> [Exercise aim]:
Would you please return the line containing "image for item" and all the lines after it through the end of the records below, unchanged and on their own?

> [Input records]:

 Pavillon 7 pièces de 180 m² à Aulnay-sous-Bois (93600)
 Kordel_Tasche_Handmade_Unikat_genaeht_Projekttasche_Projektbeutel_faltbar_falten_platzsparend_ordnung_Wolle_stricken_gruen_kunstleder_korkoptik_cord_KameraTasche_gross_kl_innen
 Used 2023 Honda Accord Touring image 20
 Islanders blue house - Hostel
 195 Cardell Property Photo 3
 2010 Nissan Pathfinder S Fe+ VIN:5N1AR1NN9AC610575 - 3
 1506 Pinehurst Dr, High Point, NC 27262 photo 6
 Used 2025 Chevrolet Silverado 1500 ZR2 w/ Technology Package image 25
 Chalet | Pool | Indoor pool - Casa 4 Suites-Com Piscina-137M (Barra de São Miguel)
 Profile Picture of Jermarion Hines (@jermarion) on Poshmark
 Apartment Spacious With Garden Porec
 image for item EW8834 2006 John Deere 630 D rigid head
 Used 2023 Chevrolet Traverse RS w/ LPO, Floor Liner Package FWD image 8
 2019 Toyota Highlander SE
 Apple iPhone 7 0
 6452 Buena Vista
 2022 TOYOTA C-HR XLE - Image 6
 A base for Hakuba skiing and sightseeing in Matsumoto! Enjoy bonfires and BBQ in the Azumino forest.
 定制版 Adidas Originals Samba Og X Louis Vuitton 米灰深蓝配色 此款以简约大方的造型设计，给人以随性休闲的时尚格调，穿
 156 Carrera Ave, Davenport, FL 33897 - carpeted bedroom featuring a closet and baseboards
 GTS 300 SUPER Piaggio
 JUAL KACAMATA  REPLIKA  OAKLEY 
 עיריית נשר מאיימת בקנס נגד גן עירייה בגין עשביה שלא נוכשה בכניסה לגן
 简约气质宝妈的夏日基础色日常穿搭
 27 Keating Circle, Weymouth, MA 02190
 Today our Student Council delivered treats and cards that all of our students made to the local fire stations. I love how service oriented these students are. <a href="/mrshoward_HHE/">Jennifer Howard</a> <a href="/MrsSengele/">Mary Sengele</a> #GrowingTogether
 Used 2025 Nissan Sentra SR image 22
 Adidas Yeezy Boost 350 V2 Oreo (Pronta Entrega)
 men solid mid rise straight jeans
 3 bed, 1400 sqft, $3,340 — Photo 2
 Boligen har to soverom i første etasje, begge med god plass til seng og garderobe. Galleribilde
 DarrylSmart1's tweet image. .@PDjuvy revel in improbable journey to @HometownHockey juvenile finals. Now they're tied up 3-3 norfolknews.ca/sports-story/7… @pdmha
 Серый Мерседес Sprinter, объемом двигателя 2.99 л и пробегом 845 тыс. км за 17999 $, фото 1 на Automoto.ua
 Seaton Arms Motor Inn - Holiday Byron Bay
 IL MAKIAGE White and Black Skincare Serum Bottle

> [Expected answer]:
 image for item EW8834 2006 John Deere 630 D rigid head
 Used 2023 Chevrolet Traverse RS w/ LPO, Floor Liner Package FWD image 8
 2019 Toyota Highlander SE
 Apple iPhone 7 0
 6452 Buena Vista
 2022 TOYOTA C-HR XLE - Image 6
 A base for Hakuba skiing and sightseeing in Matsumoto! Enjoy bonfires and BBQ in the Azumino forest.
 定制版 Adidas Originals Samba Og X Louis Vuitton 米灰深蓝配色 此款以简约大方的造型设计，给人以随性休闲的时尚格调，穿
 156 Carrera Ave, Davenport, FL 33897 - carpeted bedroom featuring a closet and baseboards
 GTS 300 SUPER Piaggio
 JUAL KACAMATA  REPLIKA  OAKLEY 
 עיריית נשר מאיימת בקנס נגד גן עירייה בגין עשביה שלא נוכשה בכניסה לגן
 简约气质宝妈的夏日基础色日常穿搭
 27 Keating Circle, Weymouth, MA 02190
 Today our Student Council delivered treats and cards that all of our students made to the local fire stations. I love how service oriented these students are. <a href="/mrshoward_HHE/">Jennifer Howard</a> <a href="/MrsSengele/">Mary Sengele</a> #GrowingTogether
 Used 2025 Nissan Sentra SR image 22
 Adidas Yeezy Boost 350 V2 Oreo (Pronta Entrega)
 men solid mid rise straight jeans
 3 bed, 1400 sqft, $3,340 — Photo 2
 Boligen har to soverom i første etasje, begge med god plass til seng og garderobe. Galleribilde
 DarrylSmart1's tweet image. .@PDjuvy revel in improbable journey to @HometownHockey juvenile finals. Now they're tied up 3-3 norfolknews.ca/sports-story/7… @pdmha
 Серый Мерседес Sprinter, объемом двигателя 2.99 л и пробегом 845 тыс. км за 17999 $, фото 1 на Automoto.ua
 Seaton Arms Motor Inn - Holiday Byron Bay
 IL MAKIAGE White and Black Skincare Serum Bottle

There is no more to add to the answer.